▶ _What needs to be done_
For this exercise, copy the data exactly and omit any images.

▶ _Material supplied_
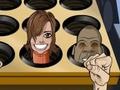 Lalao American Idol Punch Out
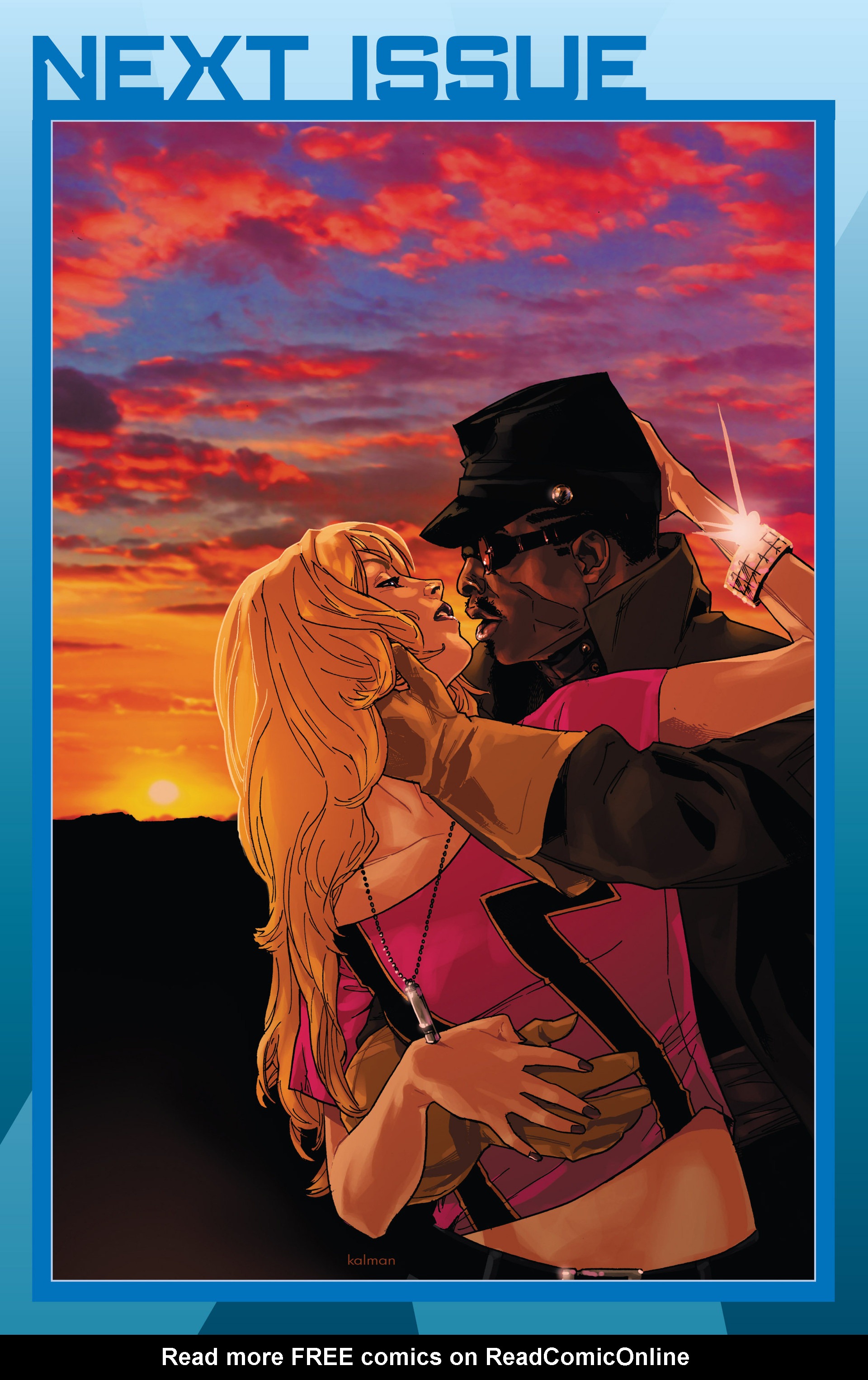 Read online X-Treme X-Men (2012) comic -  Issue #10 - 23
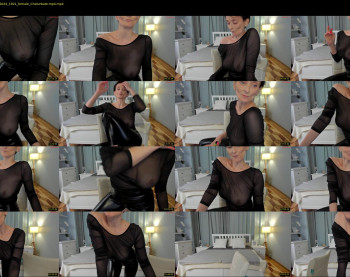 simonadebeauvoir — 39 minute Chaturbate female cam show recording, 720p, Mar 7, 2024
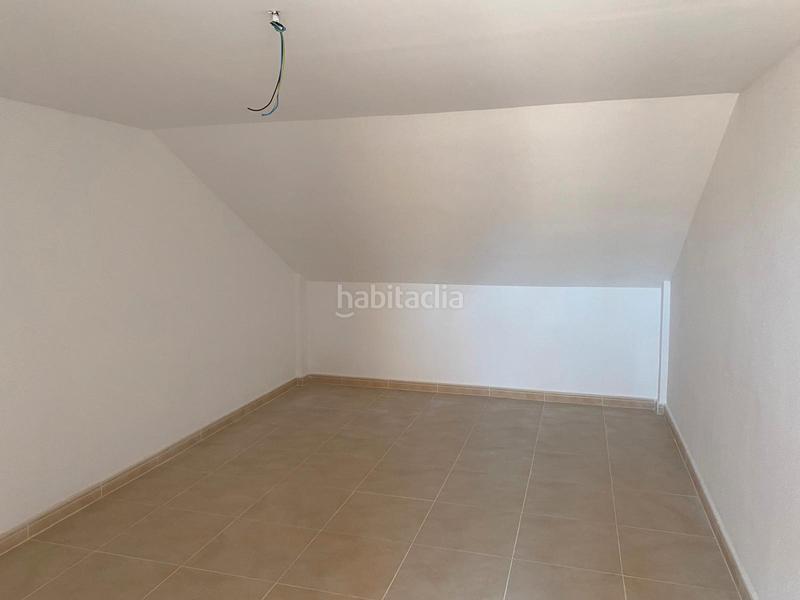 Foto c02e3be8-4101-4d80-8d76-c3f16fff8ee8. Casa adossada a carrer serra grossa 26 a Montebello - Nou Espai Nucia (la)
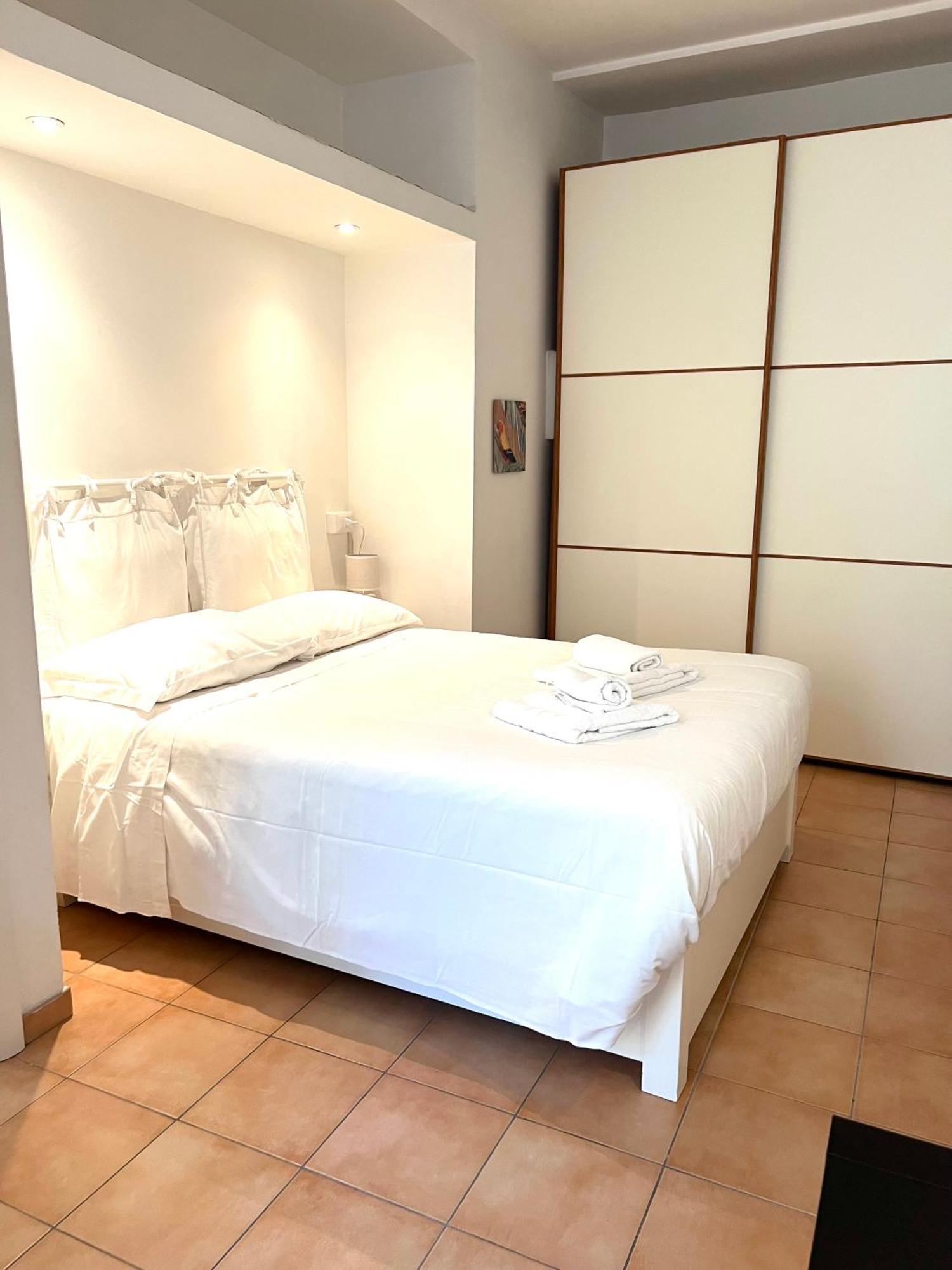 Hébergement de vacances La Casa Sul Cortile Rome
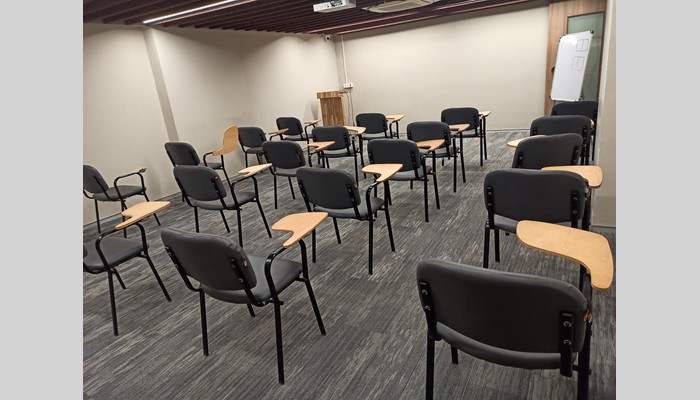 Connekt Training Room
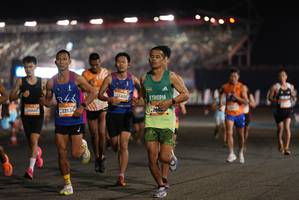 BIB: 
                            <button type="button" onclick="openModal(23705024)" class="btn btn-primary btn-sm float-right btn-popup" data-toggle="modal" data-target=".modal-high-quality">
                        <i class="fas fa-shopping-cart"></i> Add to Cart
                    </button>
                                            <button type="button" onclick="isThisMe(23705024, true)" class="btn btn-success btn-sm float-right btn-popup btn-isme hidden" data-toggle="tooltip" data-placement="bottom" title="นี่คือรูปของคุณใช่ไหม คลิกที่นี่เพื่อเอาเข้าอัลบั้ม">
                        <i class="fas fa-plus"></i> Add to album
                    </button>
                    <button type="button" onclick="isThisMe(23705024, false)" class="btn btn-warning btn-sm float-right btn-popup btn-isnotme hidden">
                        <i class="fas fa-ban"></i> Remove from album
                    </button>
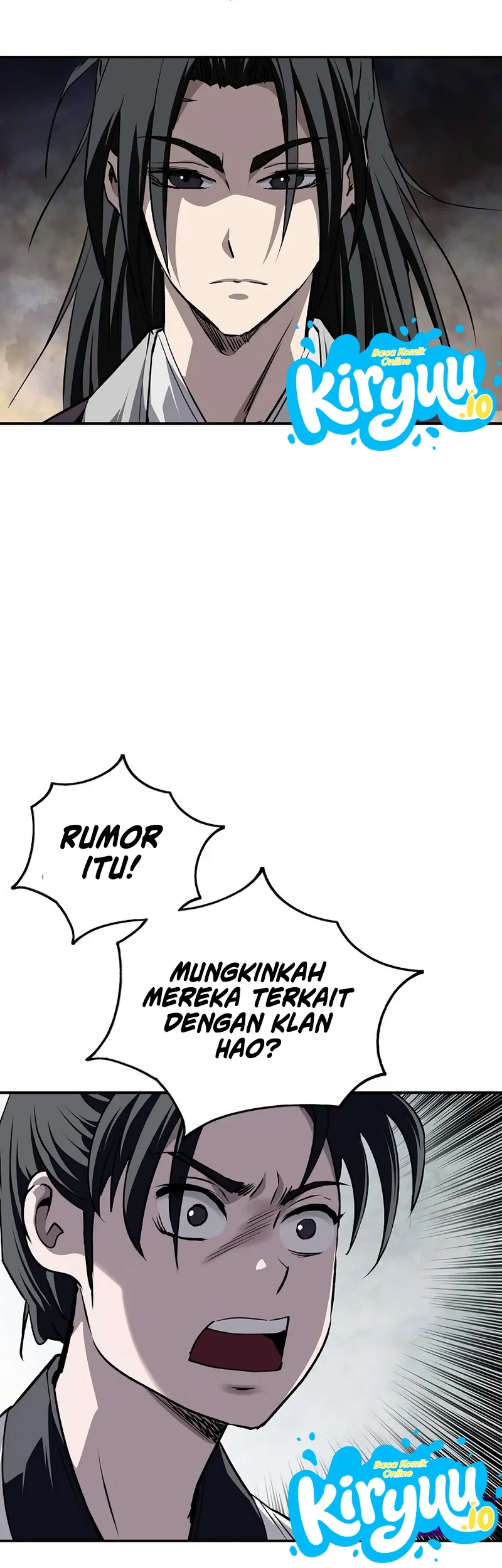 The Supreme Demon Swordmaster Chapter 42 - halaman 23
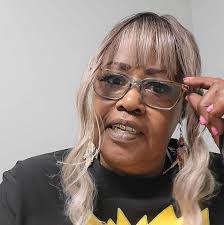 Terry Flanigan's Instagram, Twitter & Facebook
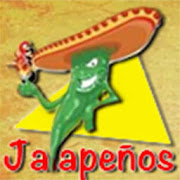 Jalapeños Mexican Grill  Icon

▶ _Exercise response_
 Lalao American Idol Punch Out
 Read online X-Treme X-Men (2012) comic -  Issue #10 - 23
 simonadebeauvoir — 39 minute Chaturbate female cam show recording, 720p, Mar 7, 2024
 Foto c02e3be8-4101-4d80-8d76-c3f16fff8ee8. Casa adossada a carrer serra grossa 26 a Montebello - Nou Espai Nucia (la)
 Hébergement de vacances La Casa Sul Cortile Rome
 Connekt Training Room
 BIB: 
                            <button type="button" onclick="openModal(23705024)" class="btn btn-primary btn-sm float-right btn-popup" data-toggle="modal" data-target=".modal-high-quality">
                        <i class="fas fa-shopping-cart"></i> Add to Cart
                    </button>
                                            <button type="button" onclick="isThisMe(23705024, true)" class="btn btn-success btn-sm float-right btn-popup btn-isme hidden" data-toggle="tooltip" data-placement="bottom" title="นี่คือรูปของคุณใช่ไหม คลิกที่นี่เพื่อเอาเข้าอัลบั้ม">
                        <i class="fas fa-plus"></i> Add to album
                    </button>
                    <button type="button" onclick="isThisMe(23705024, false)" class="btn btn-warning btn-sm float-right btn-popup btn-isnotme hidden">
                        <i class="fas fa-ban"></i> Remove from album
                    </button>
 The Supreme Demon Swordmaster Chapter 42 - halaman 23
 Terry Flanigan's Instagram, Twitter & Facebook
 Jalapeños Mexican Grill  Icon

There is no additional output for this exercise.